En los casi 50 años que ha cultivado coca, José Torrico, de 69 años, ha visto a soldados del ejército invadir sus sembradíos para destruir sus plantas, y ha oído amenazas de sucesivos gobiernos bolivianos resueltos a destruir su cosecha.
Tal como otros miles de granjeros de coca, o cocaleros, de la región de Chaparé, en la parte central de Bolivia, Torrico se ha negado a dejar de cultivar esta planta, el principal ingrediente de la cocaína, pese a un implacable esfuerzo de erradicación financiado por Estados Unidos.
Ahora, tras años de resistencia, él y sus colegas granjeros dicen esperar con impaciencia el advenimiento de una nueva era, en la que el cultivo de coca por fin será legalizado. Es lo que pasará, indican, si Evo Morales es electo Presidente el 18 de diciembre.

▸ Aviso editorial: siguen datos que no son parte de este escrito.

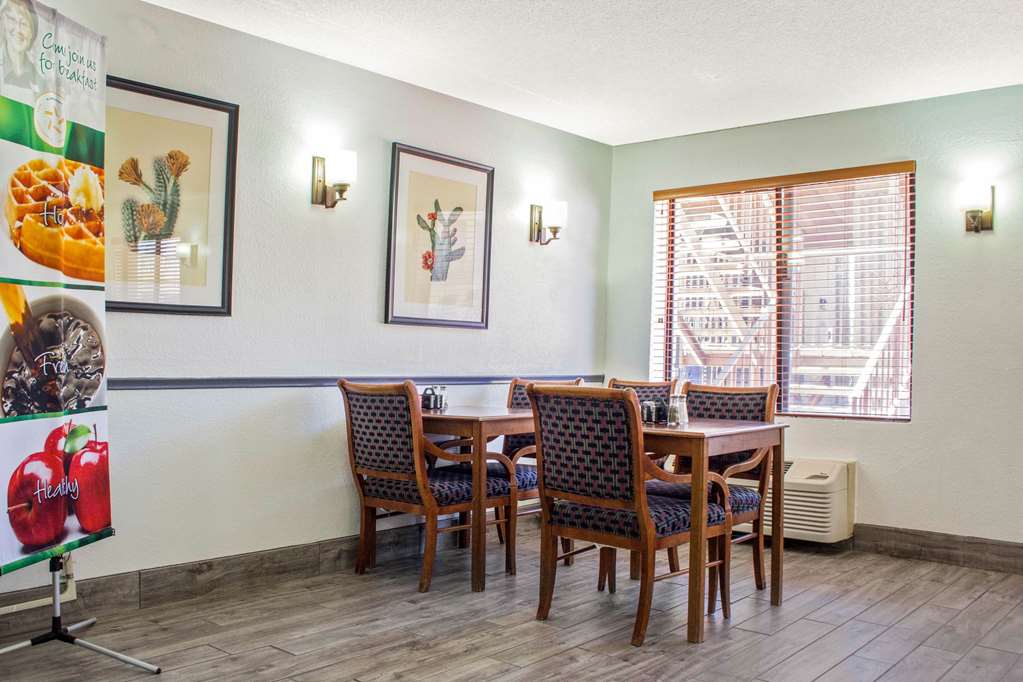 Quality Inn Benson I 10 Exit 304 - photo 28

Morales, que fue presidente de la federación de cocaleros, se ha convertido en objeto de constantes halagos de la izquierda latinoamericana por su inflexible oposición a la globalización, lo que es motivo suficiente de preocupación para el gobierno de George W. Bush. Pero el que un hombre que promueve el cultivo de la coca —crucial para la producción de cocaína— pueda pronto presidir la nación andina es aún más alarmante para los funcionarios estadounidenses.
La creciente popularidad de Morales, que igual que muchos bolivianos es de origen indígena, es particularmente fuerte en Chaparé. Aunque el gobierno boliviano ha decretado que el cultivo de coca es una práctica en gran medida ilegal, las hojas de color verde vivo de la planta aún se compran y se venden legalmente en todo el país para masticar y preparar té.